Mar 26, 2009 02:51
Life is slightly more melancholy here in NY. Co-habitation, well, some days it's awesome, other days, it sucks ass. Like tonight... I'm usually in bed around this time, tossing and turning, staring at the ceiling and wondering if I'm ever going to not get the creepy feeling like I'm being watched, but no. Tonight I am out on the couch. Why? Because I'm a bitch and I'm not tired, so I don't feel like pretending to sleep while my boyfriend either snuggles, snores or sleeps. I'm not tired, I don't fucking want to go to bed. What else that sucks is having a part-time job, because, since he's a grad student and he does 16 hours of work a day, my 16 hours a week job can't be considered a job.

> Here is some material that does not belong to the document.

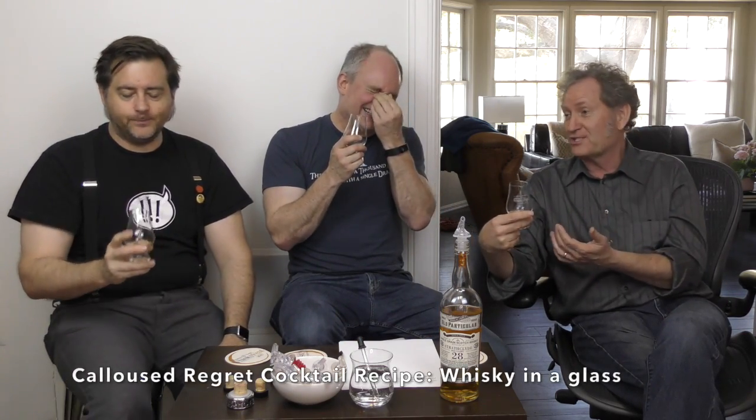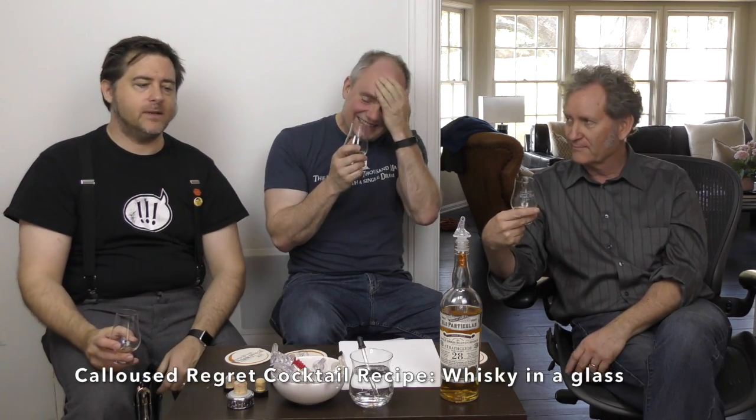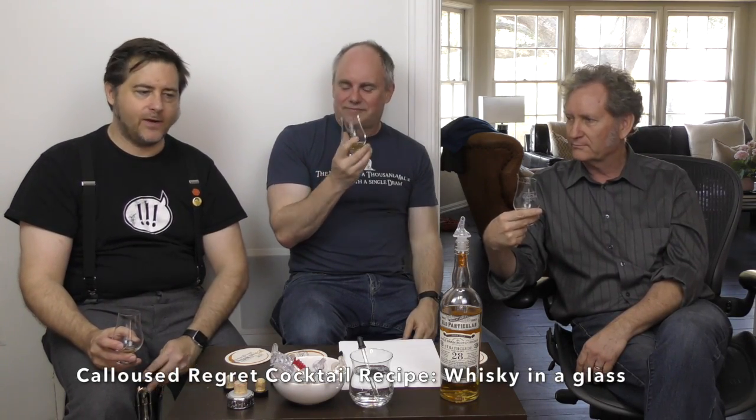That's certainly a cocktail you could make with this. Can I serve you some calloused regret tonight? No one makes a cocktail with Scotch — what's wrong with you? Just Scotch in the glass — that's it. What would add more regret? Making a cocktail would certainly add more regret. Why didn't you just serve it straight? I feel like water is going to do something cool to this, but I don't want to put water in it.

No, I moved in with the condition that I had to get a job, well I got one, and until I got one, I would do all of the chores (cooking, cleaning, laundry, etc) like this is the circa 1950s. Well I have a job and I'm still getting treated like June-fucking-Cleaver. I'm sick of it. So what do I do? Anyone who really knows me knows what I did. I bitched, I complained that it wasn't fair. And then he got mad because all I do it bitch. Well all he ever wants me to do is the fucking chores anymore!
I am NOT his fucking maid. I am not his mom! I am not going to clean up every little thing and pretend that it's my duty. FUCK that. That is why I am a feminist and that is why I am sleeping on the couch!